Prof says 'male-dominated' textbooks deter women from Econ
A University of Michigan professor recently argued that the lack of women in Economics textbooks could help explain why few females pursue the field.
Associate Economics professor Betsey Stevenson and Hanna Zlotnick, a Master of Public Policy candidate, recently reviewed the depictions women and men in eight leading economics textbooks, finding that 77 percent of people represented in those textbooks were male.
"One could argue that textbooks not only should be representative of the actual world, but reflect the diversity of the student body we would ideally like to attract."
The gender disparity was even more pronounced for specific mentions of economics, Stevenson and Zlotnick discovered, reporting that male economists outnumber women 12-to-1 overall, and that in one particular textbook, there were no female economists to be found.
They also discovered that textbooks often depict men “making a decision,” while women are often illustrated as “[having] a decision made for them.”
Stevenson and Zlotnick argue that this gender-disparity could help explain why women aren’t attracted to the field.
“This fact both makes it likely that economics textbooks are male-dominated and suggests that concrete steps need to be taken to understand why economics is not attracting female students,” they write, adding that “one part of the answer may be that women do not see themselves, their interests, and their lives described in economics textbooks.”
Lamenting the fact that textbooks are overwhelmingly male, the professors also argue that textbooks should be “forward-looking” instead, representing the gender diversity they wish Economics would attract instead of reflecting the current situation.
“Additionally, one might argue that all types of students should be able to see themselves and their lives reflected in the examples and discussions they see when they study economics,” they write. “Therefore, one could argue that textbooks not only should be representative of the actual world, but reflect the diversity of the student body we would ideally like to attract.”
In a statement to Campus Reform, however, Stevenson clarified that biased textbooks are “not the only reason” for the dearth of women in Economics.
As Campus Reform has reported, Rutgers University Professor Lee Jussim argues that the gender gap in STEM is more likely explained by women’s personal preferences as opposed to sexism.
“There’s a knee-jerk assumption that gaps—demographic gaps—reflect discrimination,” Jussim observed, but he contends these gaps aren’t exactly indicative of discrimination.
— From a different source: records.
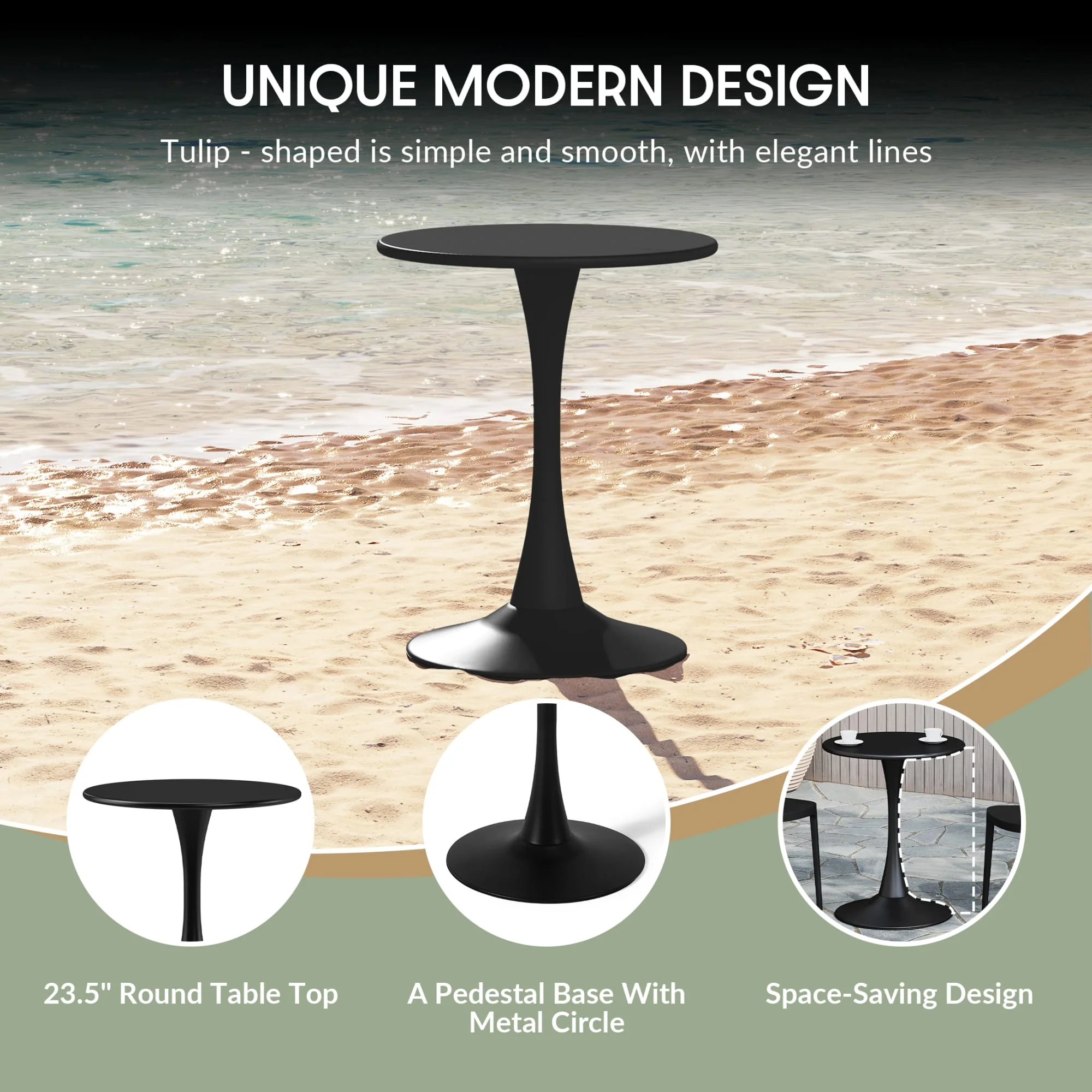 WestinTrends Playa 3-Piece Outdoor Round Metal Dining Table Set And Stackable Resin Patio Dining Side Chairs, Olive Green - Image 43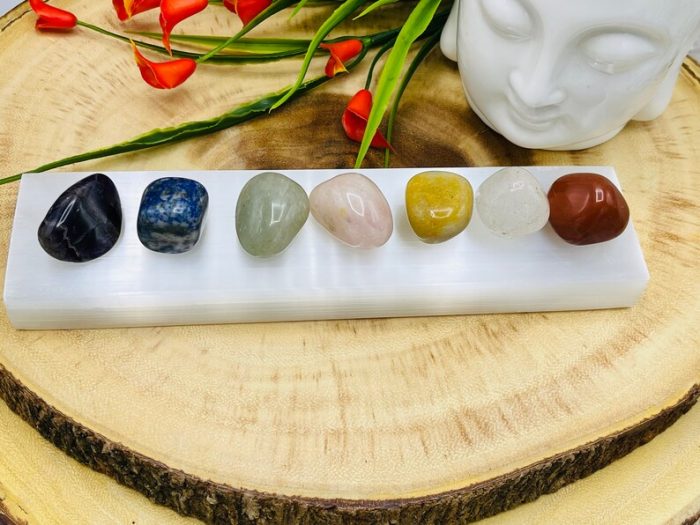 Chakra Tumbled Stones Set and Selenite Charger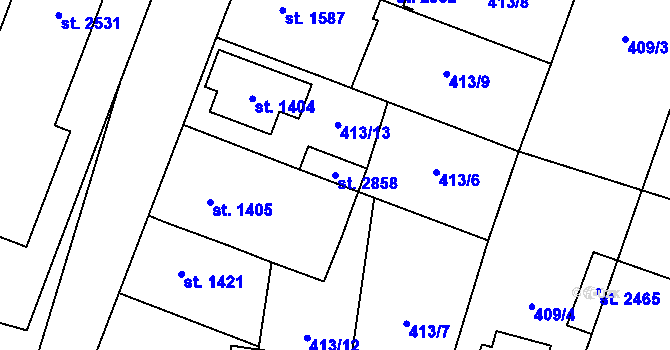 Parcela st. 2858 v KÚ Kukleny, Katastrální mapa
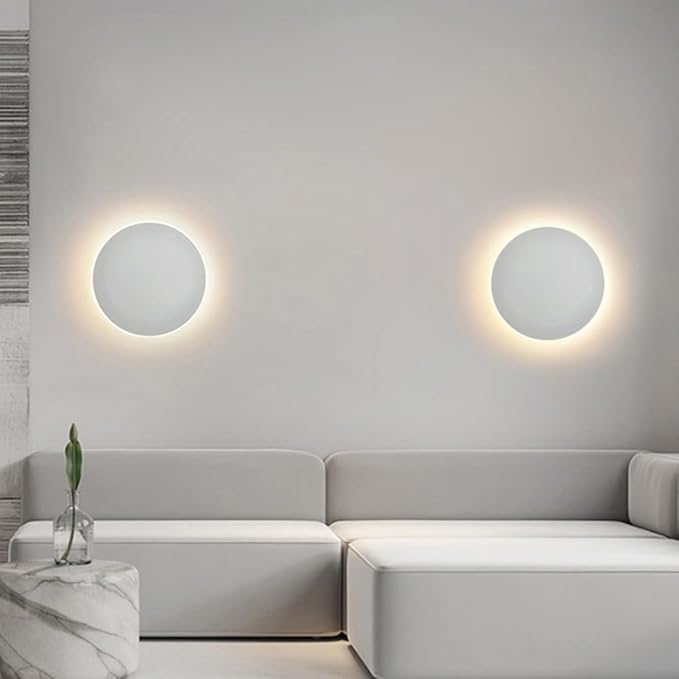 Modern Minimalist Wall Light White Round Disc Wall Sconce Metal Circular Stairwell Lighting Dimmable LED Sconce for Living Room Bedroom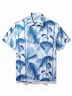 Royaura® Hawaii Tropical Leaf Texture Print Men's Button Pocket Short Sleeve Shirt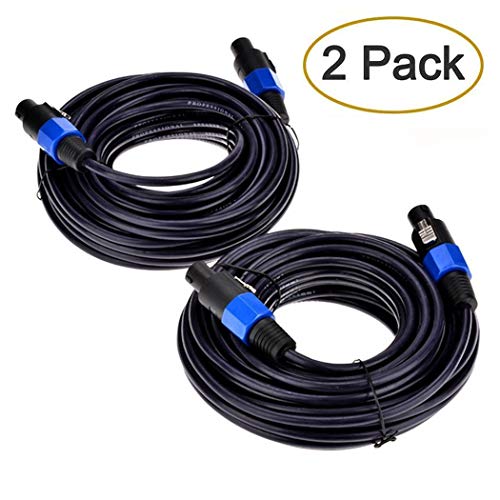 Product Cover Dekomusic 2Pack 25 ft Male Speakon to Speakon Cables, Professional 12 Guage AWG Audio Cord DJ Speaker Cable Wire with Twist Lock - 2 Conductor.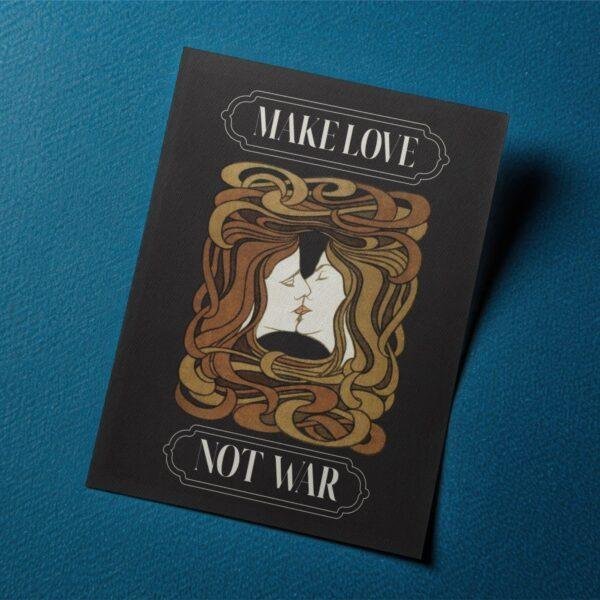 Peace Collection – Make Love Not War, Blank Postcards, Artist Card, Custom Postcard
"There are many papers claiming to find evidence for discrimination [in STEM fields], but when you look at the data, there's no evidence for it,” Jussim explained, adding that “advocacy of a political agenda can distort the science.”
Jussim does not deny the existence of discrimination in hiring and in the workforce, but contends that the gender disparity in STEM is a lot more likely due to “enduring gender differences between men and women.”
Women are more likely to desire to go into different fields than men do, and that shouldn’t be a problem, Jussim told Campus Reform.
“People should choose the [career] fields they want to be in,” he said. “Everything does not have to be perfectly equal all the time.”
According to Inside Higher Ed, Stevenson and Zlotnick presented their paper, a copy of which was provided to Campus Reform, earlier this month at the annual meeting of the American Economic Association.